In this activity students learn about minimal surface structures by trying to blow bubbles in many shapes.

If you play with bubbles and soap films, you’ll notice they come in predictable shapes. When floating around in the air, a bubble will become a sphere; and when in a flat bubble wand, a soap film is always flat, no matter the shape of the wand.

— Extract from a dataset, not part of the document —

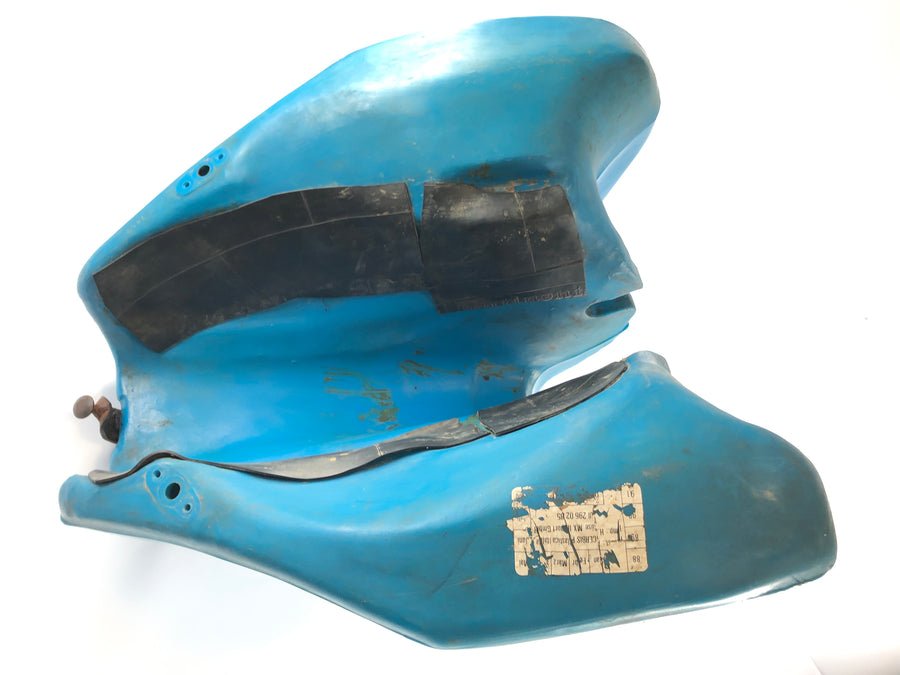 Yamaha XT 600 Z Tenere 34L [1985] - Tank Benzintank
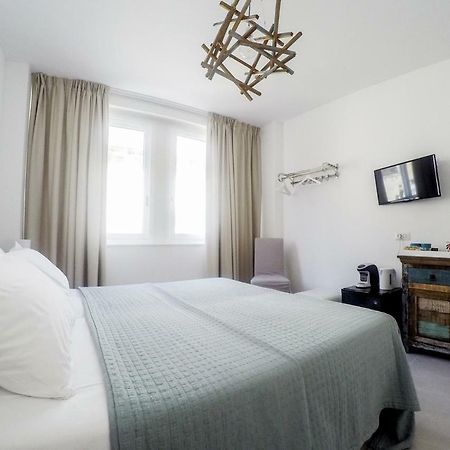 Central Suites Lecce Luaran gambar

Bubble shapes are simple and predictable because deforming a bubble takes energy. Bubbles tend to spring back to the shape that is stretched as little as possible. That shape is called the minimal surface. That is why a free-floating bubble is a sphere—a sphere has the least surface area for a given volume of air. Another way to think about this is that a bubble is stretched most evenly as a sphere (as compared to an egg shape, or a cube). 

Objectives

  • Make a bubble and understand its structure.

Materials

Key Questions

  • What shape of bubble do you think will come out of each shape of bubble wand?
  • Why are bubbles always spherical?
  • What has more surface area (what would take more soap film to create) a cube or a sphere?
  • What are minimal surface structures?Is there any way to make a different shaped bubble?

What To Do

Activity

  1. ​Create a few 2-D bubble wands by twisting a pipe cleaner into a shape other than a circle (e.g. square, triangle, heart, star, butterfly etc.)
  2. Experiment with the different wand shapes to create bubbles. Do the bubbles match the shape of the pipe cleaner wand? What is happening? Why do you think the wands all create the same bubble shape?

Extensions

  • Try making square and other shaped bubbles in the activity.
  • Examine commercially made wands, hypothesize and test reasoning for design.